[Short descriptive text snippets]
* * * * * * * * *

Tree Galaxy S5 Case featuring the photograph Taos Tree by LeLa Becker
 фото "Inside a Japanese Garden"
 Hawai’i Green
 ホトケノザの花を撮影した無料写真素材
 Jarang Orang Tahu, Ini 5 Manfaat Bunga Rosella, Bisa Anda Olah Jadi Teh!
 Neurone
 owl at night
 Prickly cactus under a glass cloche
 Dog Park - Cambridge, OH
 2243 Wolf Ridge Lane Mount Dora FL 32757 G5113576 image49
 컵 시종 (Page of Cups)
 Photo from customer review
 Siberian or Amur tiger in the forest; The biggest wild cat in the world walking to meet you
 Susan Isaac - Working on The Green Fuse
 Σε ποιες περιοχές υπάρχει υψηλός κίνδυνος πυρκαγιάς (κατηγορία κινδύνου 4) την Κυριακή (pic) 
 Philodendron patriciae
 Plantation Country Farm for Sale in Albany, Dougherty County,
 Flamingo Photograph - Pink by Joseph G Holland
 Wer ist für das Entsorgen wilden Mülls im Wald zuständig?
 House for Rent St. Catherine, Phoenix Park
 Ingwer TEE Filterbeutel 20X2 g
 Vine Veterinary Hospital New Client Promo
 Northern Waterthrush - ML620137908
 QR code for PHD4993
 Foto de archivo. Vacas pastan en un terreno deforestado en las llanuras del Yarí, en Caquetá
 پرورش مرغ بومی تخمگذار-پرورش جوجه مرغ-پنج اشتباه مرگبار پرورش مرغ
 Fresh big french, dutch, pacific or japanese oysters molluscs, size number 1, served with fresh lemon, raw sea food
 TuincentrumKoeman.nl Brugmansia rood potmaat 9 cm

* * * * * * * * *

• **THE TASK**
Count up the lines in the records that contain the word "Green" and reply with that figure only.

• **RESULT OF THE TASK**
2